Browse the full printed catalogue for this edition. · 80 pages

The 4th edition of ART RIGA FAIR gathers galleries and artists from France, Switzerland, Kazakhstan, Uzbekistan, Russia, Belarus, Poland, Mexico, Indonesia, Germany, Italy, Georgia and Latvia at the Latvian Railway History Museum, with over 1,000 artworks on show. The fair was originally announced for 20 to 25 November before moving to its final dates, 7 to 13 November. Dali Universe (IAR Art Resources Ltd, Switzerland) returns for a second year, again bringing authenticated works by Salvador Dalí.

Gallery

Photographs from the fair.

In November 2017, for the fourth year running, foreign galleries packed into the old locomotive halls of the Latvian Railway History Museum for ART RIGA FAIR. By its own account the fair had, since its founding in 2014 to mark Riga's year as European Capital of Culture, already moved transactions "exceeding half a million euros." The fourth edition arrived with an expanded talks programme, a returning Salvador Dalí exhibitor, and a guest list that, once the doors opened, turned out to be longer than the one printed on the poster.

"ART RIGA 2017. Foreign galleries gather to the fourth edition of annual international Baltic region contemporary art show." artriga.com, official fair website (2017)

A fourth edition finds its dates

The fair's own site fixed the 2017 run at 7 to 13 November, with a VIP Private Banking and Media Opening Day on 8 November reserved for "art dealers, gallery owners, critics" before the public days began. That was not the date first announced: ART RIGA FAIR 2017 had originally been billed for 20 to 25 November before the organisers, Dags Vidulejs of Ltd. Happy Art Museum and Gaļina Maksimova of Ltd. Euroclub, moved it forward into the earlier week. The application deadline for exhibitors, 30 September 2017, was set against the original planning window; the fair's participation terms describe the selection commission ruling on applications within three weeks of receipt, and full payment falling due by 1 November regardless of which week the doors finally opened.

At a glance

Edition
4th
Final dates
7–13 November 2017
Originally announced
20–25 November 2017
VIP / Media Opening Day
8 November
Venue
Latvian Railway History Museum, Uzvaras bulvāris 2A
Announced countries
13
Artworks on show
over 1,000, per the fair's own count
Seating
500 chairs
Organisers
Dags Vidulejs (Happy Art Museum Ltd.) & Gaļina Maksimova (Euroclub Ltd.)

Dalí, for a second year

Among the galleries listed on the fair's own 2017 index sat an entry simply titled "Dali Universe," a link straight through to thedaliuniverse.com. It was IAR Art Resources Ltd of Switzerland returning for a second consecutive year with authenticated works by Salvador Dalí, the exhibitor who had anchored the 2016 edition and now did the same for 2017. Elsewhere on the same index, a stranger echo of the Spaniard surfaced under the title "Hitshok-Dali, Termenvokss," pairing his name with the Latvian word for theremin, a hint that a Dalí-themed sound performance was also on the week's bill.

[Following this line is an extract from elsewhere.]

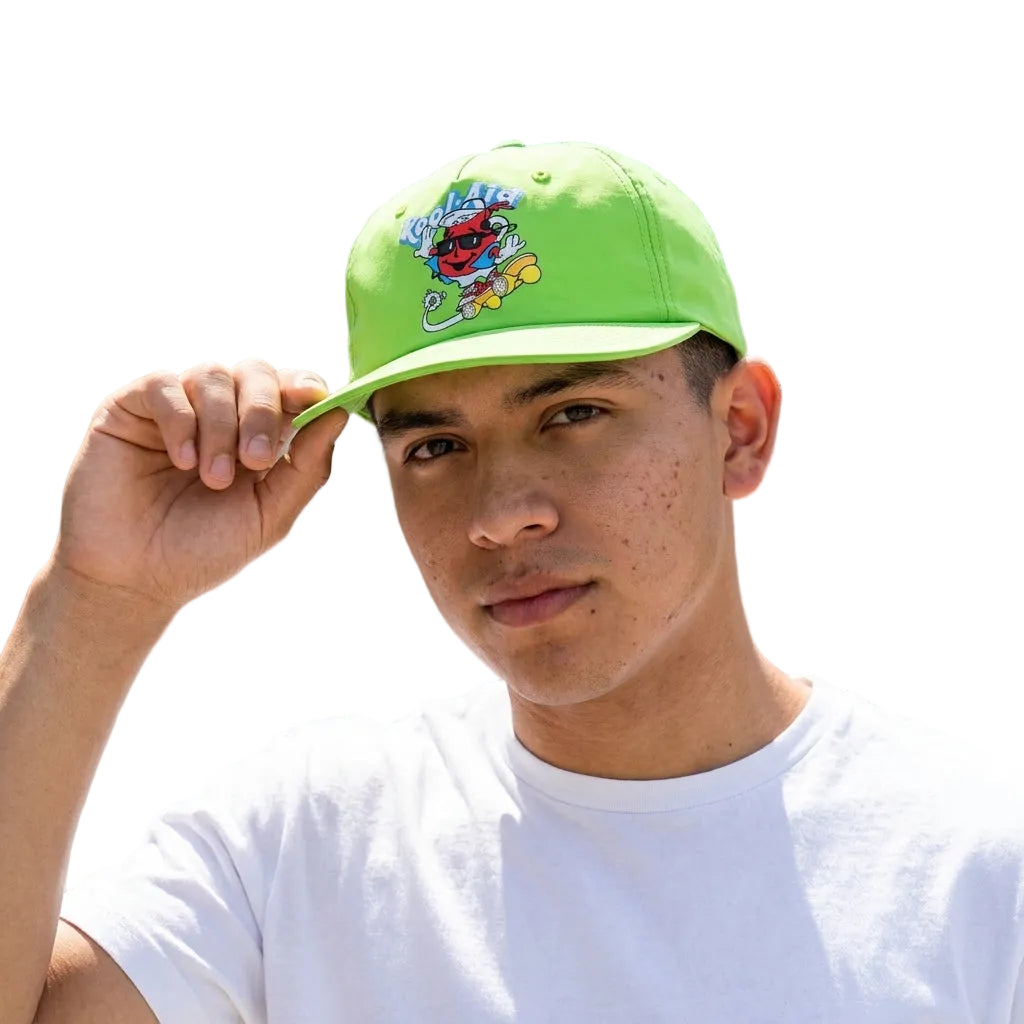 Kool-Aid Neon Green Kool Aid Man Skating Snapback Hat - view 2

Thirteen countries, and then some

The fair's promotional copy named its 2017 roster as galleries and artists "from as far afield as Mexico and Indonesia," alongside Germany, Switzerland, France, Italy, Russia, Georgia, Kazakhstan, Uzbekistan, Belarus, Poland and host nation Latvia:

FranceSwitzerlandKazakhstanUzbekistanRussiaBelarusPolandMexicoIndonesiaGermanyItalyGeorgiaLatvia

The fair's gallery index for 2017 puts most of that list to names:

Country Galleries and artists on the 2017 index
France Karavan Gallery, a Paris collective built around Šalva Hahanašvili, Karim Borjas, Belka Lassare and Jacques Crenn; also Paquita Escofet Miró and Olivier de Rycke
Switzerland Dali Universe (IAR Art Resources Ltd.); Sergey Dubroff; Modern Masters Gallery
Kazakhstan Assol Sas
Uzbekistan Academy of Arts of Uzbekistan
Russia Everything Is Art Gallery, Krokin Gallery, Mitki (Dmitry Shagin), Gallery Kultproekt, Gallery Fine Art, Millenium (Viktor Krotov, Moscow), Sveta Repina (Moscow), SPBART.com (St Petersburg), Pskov Museum (Dmitrijs Kondratjevs), and a Russian 19th-century classic art collection
Belarus DK Gallery
Poland Van Golik Gallery
Mexico named in the fair's promotional copy for the edition
Indonesia Bali Art
Germany Genia Chef; Ira Kitzki Gallery Frankfurt; Frida Fine Arts Gallery
Italy Bora Arte
Georgia Baratashvili; the gallerist Šalva Hahanašvili was separately described by LSM.lv as working between France and Georgia
Latvia the host nation's own list ran to dozens: Happy Art Museum, Euroclub, Art Embassy, Tifana, Antonia Gallery, Jēkabs Gallery, Art Gallery 19, Oforta Ģilde, Rita Pranca Art, Inner Light (Jūrmala), the Mosaic Art Studio of Vadim Eglītis, Gallery Tornis (Sigulda), Skulme Generation, Pinakotēka, Gallery Burtveidols, Portretu Galerija, the Mark Rothko Centre's Arts Studio, Birkenfelds Gallery, Art V International, Elīna Maligina, AGNI, Galina Duļķina's porcelain, Egons Persevičs (Liepāja), Braslinš, Alesja Meļentjeva, Neputns publishing house, Vladislavs Lakše and Gocha Huskhivadze's workshop among them

Two Latvian auction houses, Art Embassy and Jēkabs, and the gallery Antonija were named by LSM.lv as taking part, alongside a smaller human story the broadcaster picked out on opening day: Karolīna Gonsovska exhibiting paintings by her own mother, Ilona Gonsovska.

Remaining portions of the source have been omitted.